▶ PROBLEM REQUIREMENTS
Output the exact lines that start at the one containing "SO-TECH® Möbelgriff Porzellangriff" and continue to the last line of the entries below; do not output pictures.

▶ DATA TO PROCESS

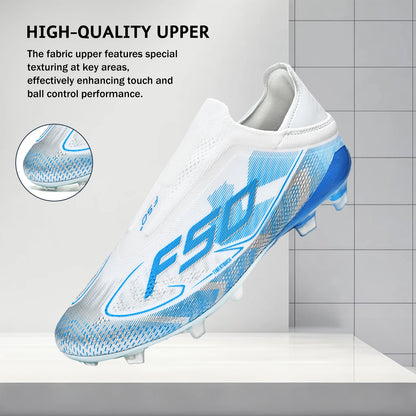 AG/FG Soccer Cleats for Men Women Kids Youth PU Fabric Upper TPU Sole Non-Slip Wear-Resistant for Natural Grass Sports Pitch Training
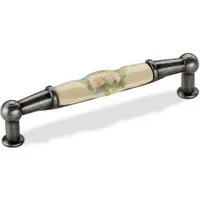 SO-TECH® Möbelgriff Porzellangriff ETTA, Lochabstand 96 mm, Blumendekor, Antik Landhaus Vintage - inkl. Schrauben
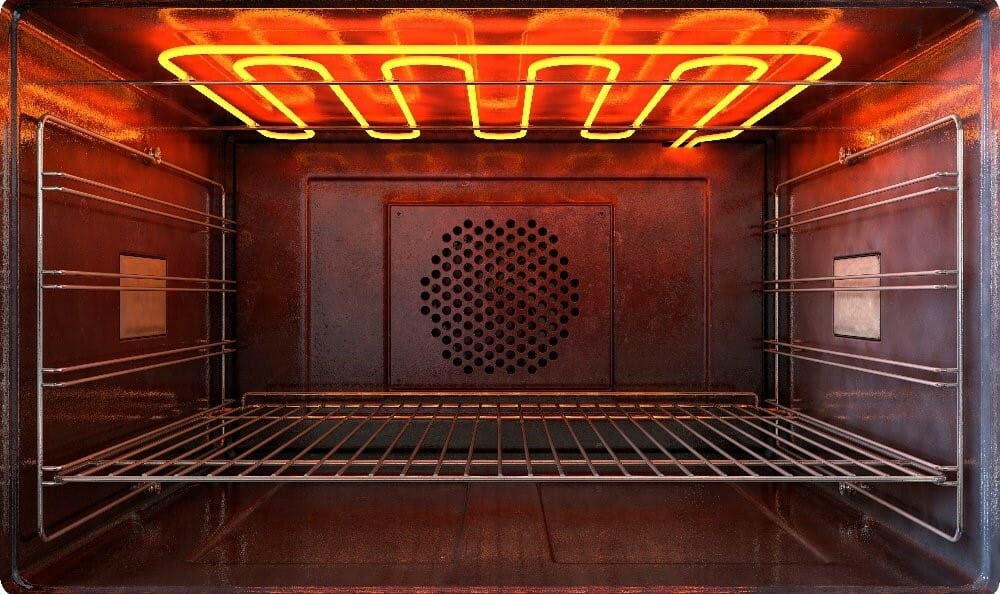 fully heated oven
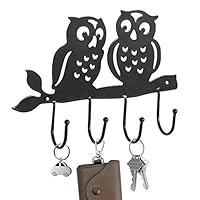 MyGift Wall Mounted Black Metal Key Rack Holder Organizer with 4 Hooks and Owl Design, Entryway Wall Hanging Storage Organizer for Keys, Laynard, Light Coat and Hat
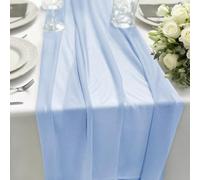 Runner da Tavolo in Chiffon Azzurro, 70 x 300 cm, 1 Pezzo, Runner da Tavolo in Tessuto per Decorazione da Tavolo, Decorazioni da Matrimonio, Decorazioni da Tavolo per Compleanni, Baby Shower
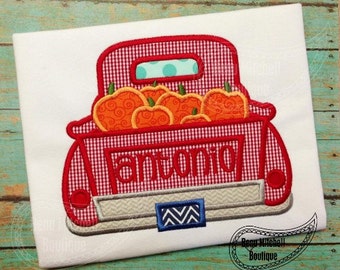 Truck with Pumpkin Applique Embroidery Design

▶ ANSWER TO THIS TASK
 SO-TECH® Möbelgriff Porzellangriff ETTA, Lochabstand 96 mm, Blumendekor, Antik Landhaus Vintage - inkl. Schrauben
 fully heated oven
 MyGift Wall Mounted Black Metal Key Rack Holder Organizer with 4 Hooks and Owl Design, Entryway Wall Hanging Storage Organizer for Keys, Laynard, Light Coat and Hat
 Runner da Tavolo in Chiffon Azzurro, 70 x 300 cm, 1 Pezzo, Runner da Tavolo in Tessuto per Decorazione da Tavolo, Decorazioni da Matrimonio, Decorazioni da Tavolo per Compleanni, Baby Shower
 Truck with Pumpkin Applique Embroidery Design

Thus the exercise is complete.